How can I detect object which in specific area with tensorflow? - python

I am trying to detect some objects with Tensorflow. However, I only want to detect objects in a specific area in the main image. For example:
Here my example area:
The large red framed area is my main image. But I only want to detect objects which in the "content" field.

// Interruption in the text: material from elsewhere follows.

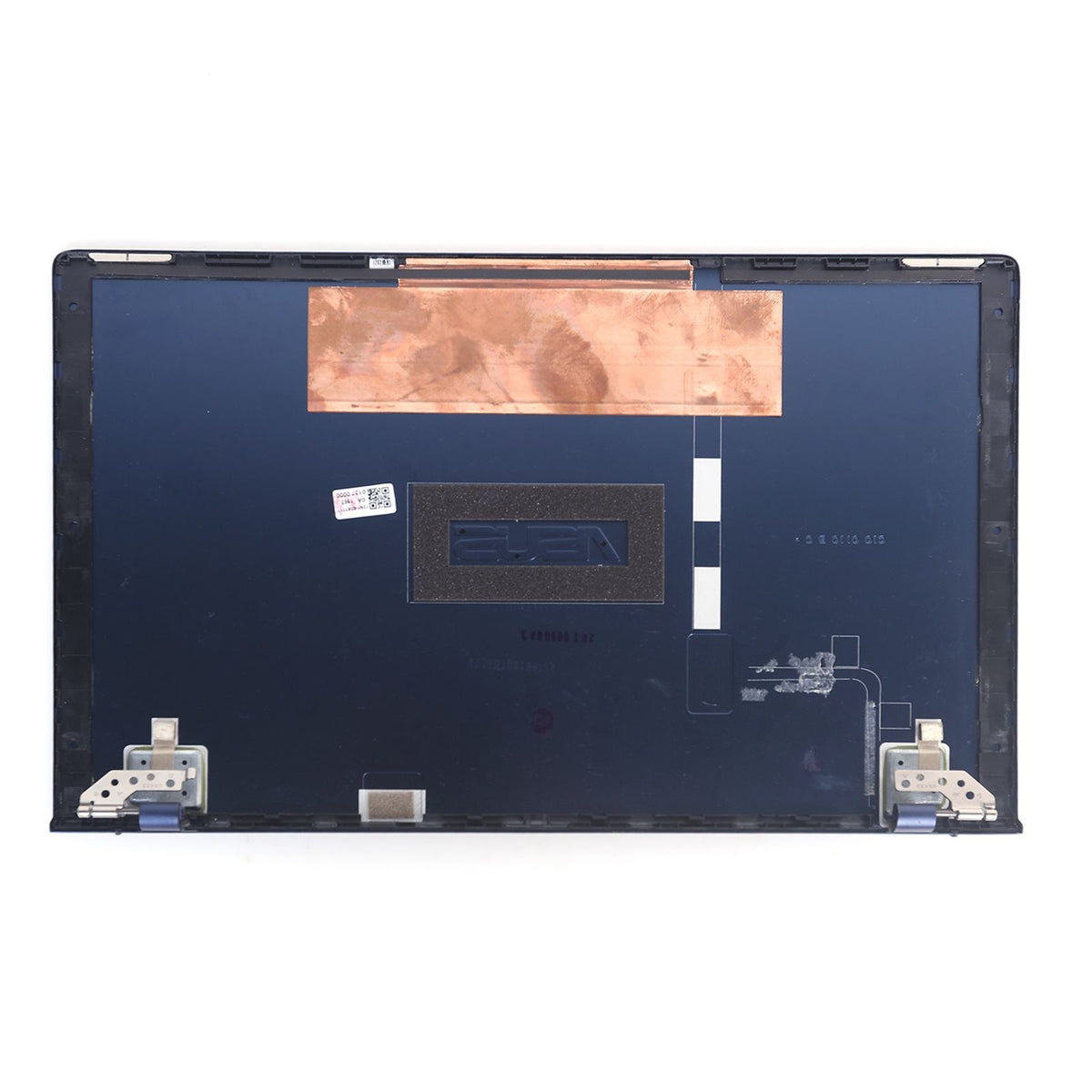 Carcasa Lcd Para Portátil Asus Deluxe14 U4300 Ux433 Ux433F Ux433Fn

enter image description here
Actually, I developed a method like this. I find the center point of the detected object and check if the center point is within this area. If the center of the object is within the specified region, tensorflow takes the detected object into a rectangle. This method works when I'm going to detect a single object. However, I am faced with the following situation: For example, one object is inside the desired region and another object is outside the desired region. Tensorflow actually detects these two objects and adds them to a list. When Tensorflow wants to show the object in the desired region, it necessarily frames all the detected objects in the list. In short, when a single object is detected, objects outside the marked area are also detected and added to the list, but they are ignored and a rectangle is not drawn. However, if an object is detected within the marked area, this time a rectangle is drawn on the object outside the marked area. How do I prevent this?

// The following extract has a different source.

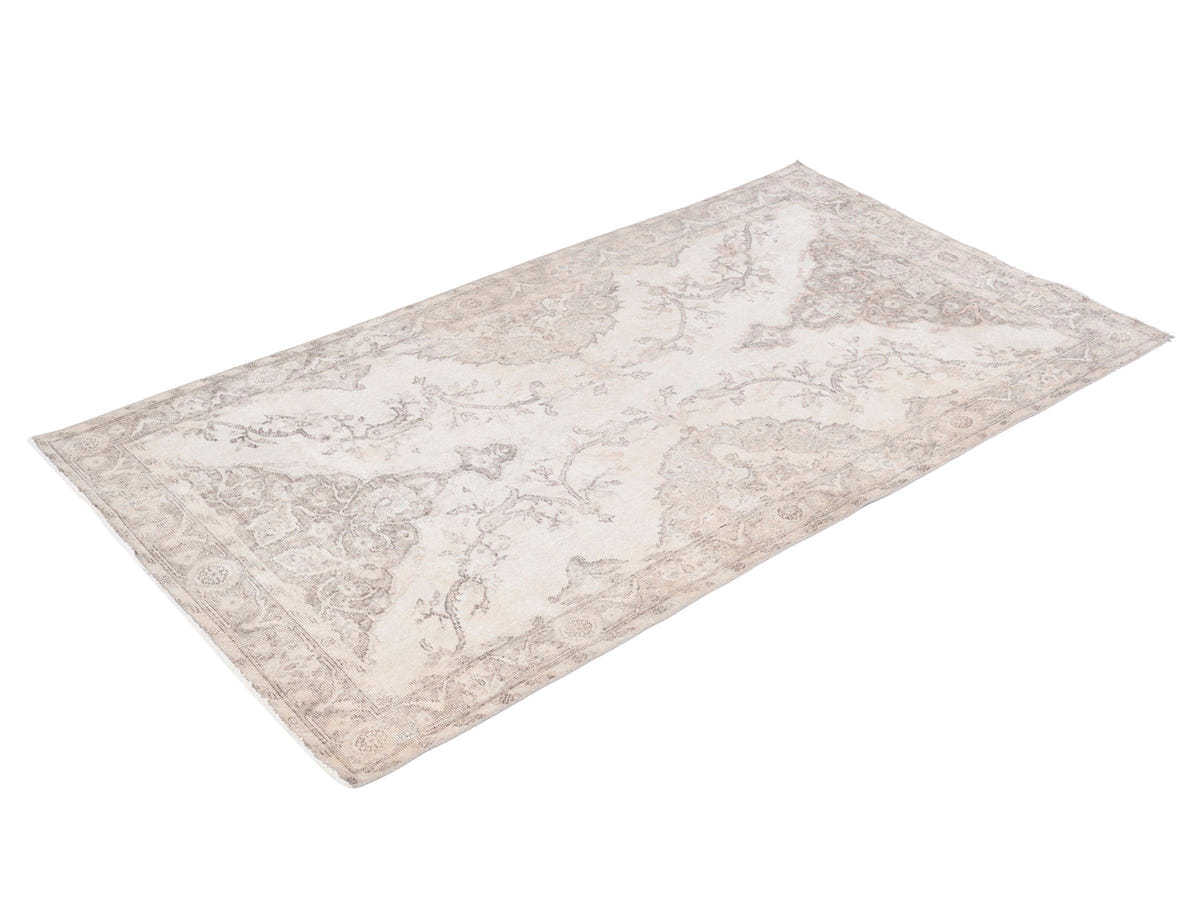 8289, Turkish Isparta Area Rug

There is a part for draw boxes:
vis_util.visualize_boxes_and_labels_on_image_array(
image_np,
np.squeeze(boxes),
np.squeeze(classes).astype(np.int32),
np.squeeze(scores),
category_index,
use_normalized_coordinates=True,
line_thickness=3,
min_score_thresh=0.2)
In this part, I actually send all detected objects to the function because I don't know which object is the correct one in the list.
And here the visualize_boxes_and_labels_on_image_array function:
def visualize_boxes_and_labels_on_image_array(
image,
boxes,
classes,
scores,
category_index,
instance_masks=None,
instance_boundaries=None,
keypoints=None,
use_normalized_coordinates=False,
max_boxes_to_draw=2,
min_score_thresh=.5,
agnostic_mode=False,
line_thickness=4,
groundtruth_box_visualization_color='black',
skip_scores=False,
skip_labels=False):
"""Overlay labeled boxes on an image with formatted scores and label names.
This function groups boxes that correspond to the same location
and creates a display string for each detection and overlays these
on the image. Note that this function modifies the image in place, and returns
that same image.
Args:
image: uint8 numpy array with shape (img_height, img_width, 3)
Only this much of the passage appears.